In a nutshell, Ocwen has developed a program that combines principal reduction that resets troubled borrowers’ loans to 5 percent below the property’s appraised value along with a sharing arrangement where Ocwen can recoup some of what was forgiven. Ocwen will write off any losses over a three year period and if a house is sold during the program they will get 25% of any future gains. All the borrower has to do is stay current on the loan, and if the property increases in value, both the borrower and Ocwen stand to gain in tandem.
Brilliant!
It’s the type of program I have been advocating for and it’s great to see someone of Ocwen’s stature take the steps necessary to help fix the housing epidemic.
Critics will say it just puts off the inevitable; default and foreclosure. But, according to the article, Ocwen started a pilot program involving more than 3,000 underwater borrowers last year and those who signed up have a “re-default” rate of just 2.6% – WAY below some other programs that have come up short.
A key here is that shared appreciation component; it’s really like a partnership. Ocwen isn’t getting greedy; they get 1/4 of any profits if the house is sold, and why shouldn’t they? If they are willing to take a hit on the principal side of it, they should share in any gains.

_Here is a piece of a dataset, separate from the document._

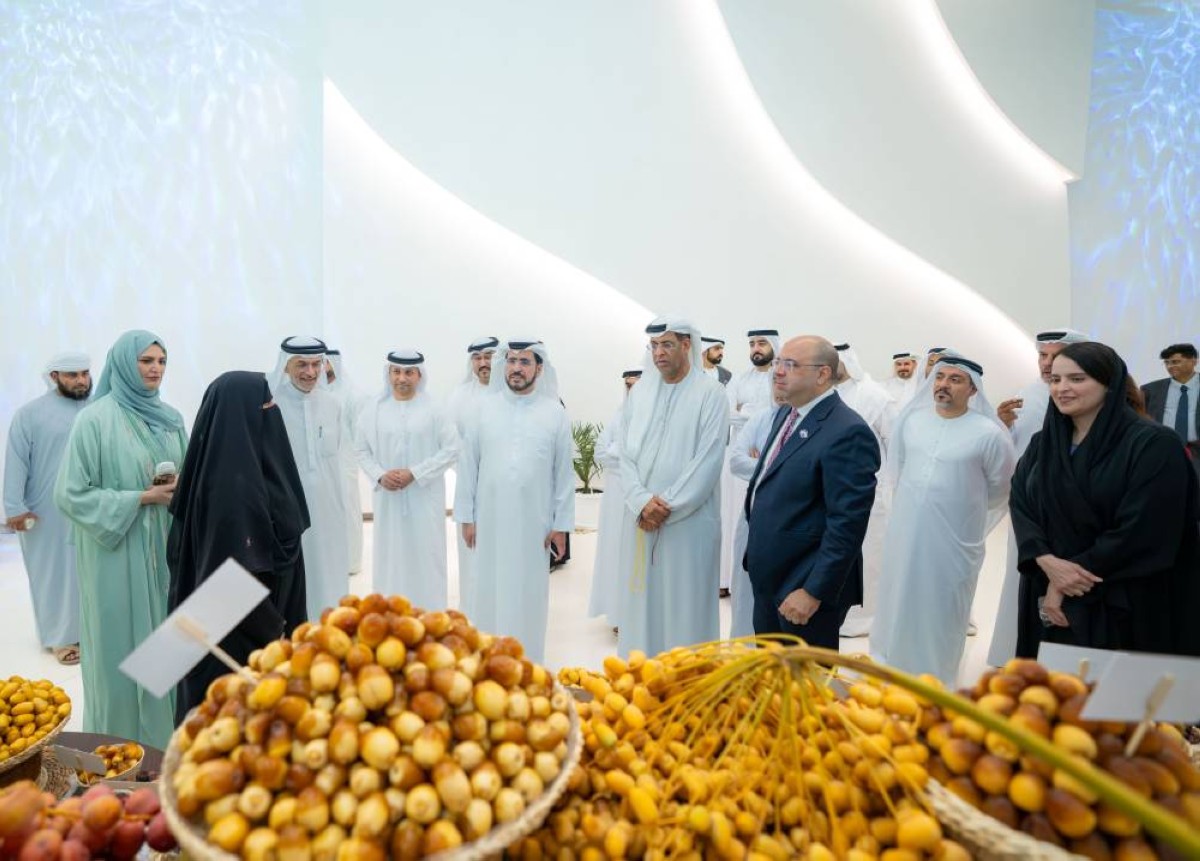 “كهرباء ومياه دبي” تنظم معرض موسم الرطب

I have to say this is the best modification program I have seen yet – by far. Too many lenders have refused to lower the principal balance, only prolonging the inevitable. This should be seen as a model for the future.
I’ve done plenty of bashing of big lenders, but Ocwen gets a hats off from me here. I only hope other lenders get as creative; it could have a huge impact on both the housing market and our overall economic recovery.

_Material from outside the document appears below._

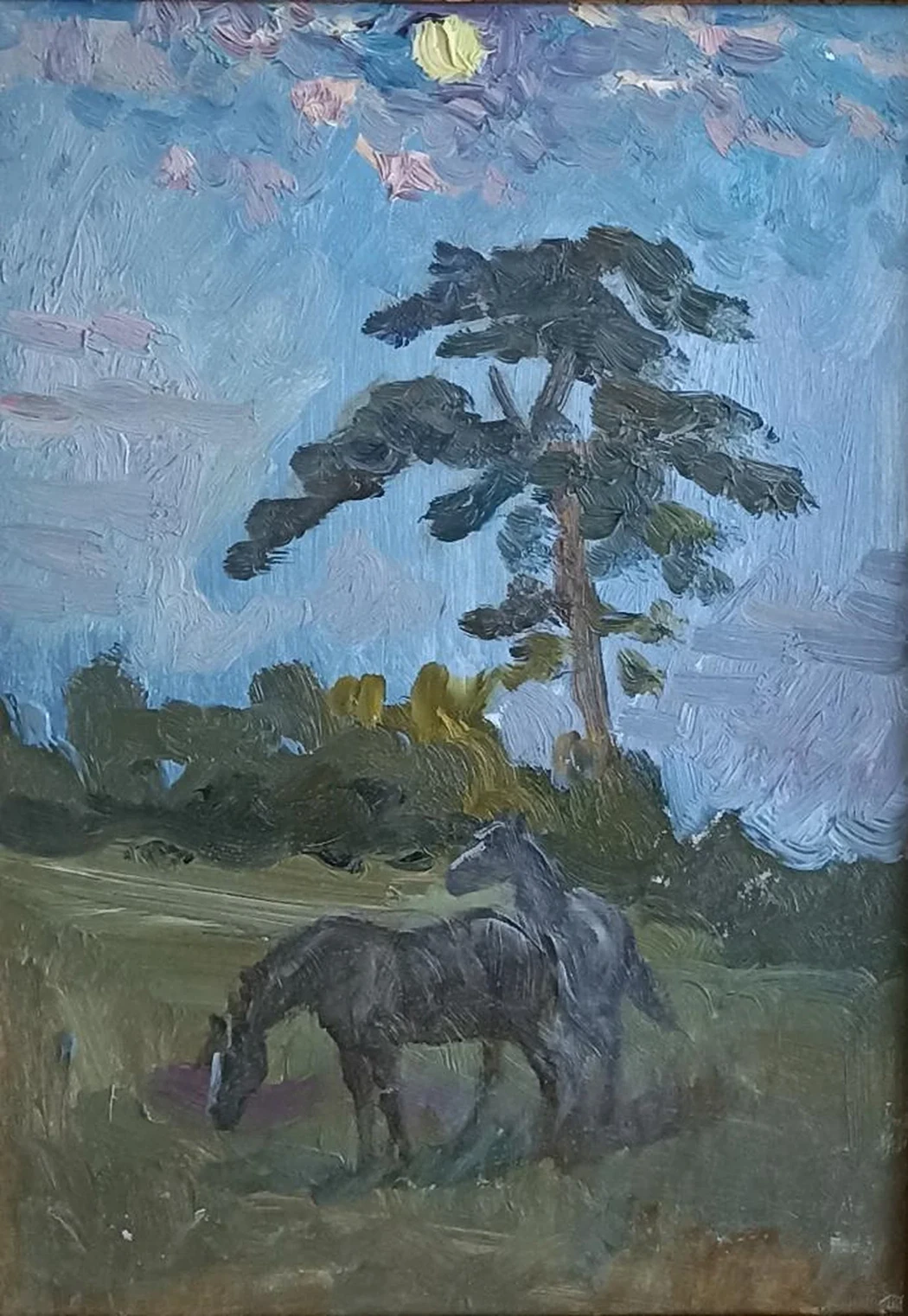 «Лошади»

I recall seeing these ideas mentioned since the the TARP was implemented. I agree that it seems a good idea, and wonder why it hasn’t seemed to have caught on in a big way. Just my opinion, but I think that the lender should be entitled to a much larger share of future appreciation, say 50%-60%, but then maybe 40%-50% share to the debtor and forgiveness of a huge chunk of debt is just not enough incentive to pay their reduced mortgage.
I do have a problem with the lender not receiving 100% of the future appreciation. The lender could provide some other “incentives” to the borrower for paying mortgage on time. Am I missing something? Just imagine the same approach applied to stock or bonds investors. Lets, say, I used margin and “invested” in SPY; then I lost 50%. Would the broker make a deal with me that they forgive me what I borrowed on margin? For me that deal is just another bad lesson for the public. It doesn’t teach anybody to be responsible with their debt. It sends a message to the public that it is ok to be reckless with somebody else’s money!
The one BIG difference here between the housing situation and the stock/bond example is the complicit involvement by the lenders who created an impossible situation. It was all about creating volume of loans, irregardless of quality, so they could be packaged and sold to unsuspecting investors at a nice profit. The banks know this, and this is why you are beginning to hear about settlements and ways to resolve, like Ocwen’s creative approach. Believe me, if they didn’t feel they were at fault, they wouldn’t be agreeing to any solutions.